I said, “What about the child?”
She said, “I said let’s go, let’s leave. And I got him out of there.”
Then we talked about a dream she’d had in the shower and how she’d had a premonition of this. I found it all very eerie and strange. I'd been in this business long enough to know you don’t make this stuff up. Her breathing changed, she was obviously emoting it, feeling it. It was a substantial part of the story.
As things went on things just unfolded perfectly.
SI: What were your impressions of Sonny Liston before you started this story?
NACK: One of the interesting parts is that Las Vegas is schizophrenic town. According to a book I had read called Vegas by John Gregory Dunne, Joan Didion’s late husband, there are more churches in Las Vegas than anywhere. And on the other hand there’s the strip, there’s hookers walking around, you know what I mean.
What I found is that Sonny lived a schizophrenic life. There was the boisterous, heavy drinking, hard living Sonny that Geraldine didn’t know, because he never revealed that half of it to her.
In 1990, I had been divorced and I was living with somebody here in Virginia, and so my life was kind of settled actually. From 1988 until 1994 or '95 when I did the [Rick] Pitino story were the most productive years in my life at SI. The story that changed my life at the magazine was about Ernie Davis. Peter Carry, the executive editor, said he wept when he read it. It was a really poignant story. He was the first black Heisman Trophy winner and he died of leukemia before he ever played a down in the NFL.
That was for the 25th anniversary of Ernie Davis’ death. He died in May of 1963 and here it was around May of 1988 and somebody, I think Steve Robinson again, asked me, “Would you like to do a piece on Ernie Davis?” I’d never done a history piece for the magazine before. I said, “Is anybody alive who could talk about him?” He said, “Oh sure.”
I wrote this story and it really kind of wrote itself and it was really kind of richly done and I organized it starting off with when he was sick and knowing he had leukemia and he was dying. Then I went out to Jim Brown’s house and I tried to ask him questions and he said, "Don’t ask me questions, let me tell you what I think and remember." Oh my god was he poignant.

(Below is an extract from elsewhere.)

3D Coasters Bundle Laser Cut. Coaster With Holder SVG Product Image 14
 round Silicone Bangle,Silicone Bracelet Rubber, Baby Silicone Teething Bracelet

I took a leave of absence and I came back and I did Pitino in 1995 and then I started to feel redundant. Those were really my key years at the magazine. But I was on a roll, I was very confident, I knew what I was dong organizing stuff. I was living a very good life with a lady out in McLean and it was good for my working life. I really kind of blossomed and Sonny was one of those stories that was an expression of what I was going through.
SI: How did the rest of the reporting work?
NACK: Lem Banker, a gambler, was a little reluctant to start with but then he was OK. You know whose interview I liked was Johnny Tocco [Liston's former trainer]. He said Sonny always seemed to be coming in or out of alleys. Every once in awhile [as a reporter] you’d say, "That’s getting it." No question that gets it.
I’ve always done a lot of reporting because, as I told an audience not too long ago at a panel, I tried to write non-fiction that sounded like fiction but you can’t make anything up. It’s against the rules. That’s how I looked at it. I didn’t take license. Everything I wrote I can back up with a fact, a story, something I reported. You had to make the whole thing sound like a short story in literature with theme, dialogue, whatever makes fiction, but it’s got to be non-fiction.
SI: What was the editing process like on this story?
NACK: They didn’t touch my stuff that much. I used to tell them, “Don’t mess with my meter.” I counted the beats when I wrote. I wanted it to read like iambic pentameter. If something is two syllables and you change it to one, f--- you. It reads smoother with two, it communicates better. The best compliments I ever had were when someone would say, “How long was that story you wrote?” “Five thousand words.” “Really? It read like two.”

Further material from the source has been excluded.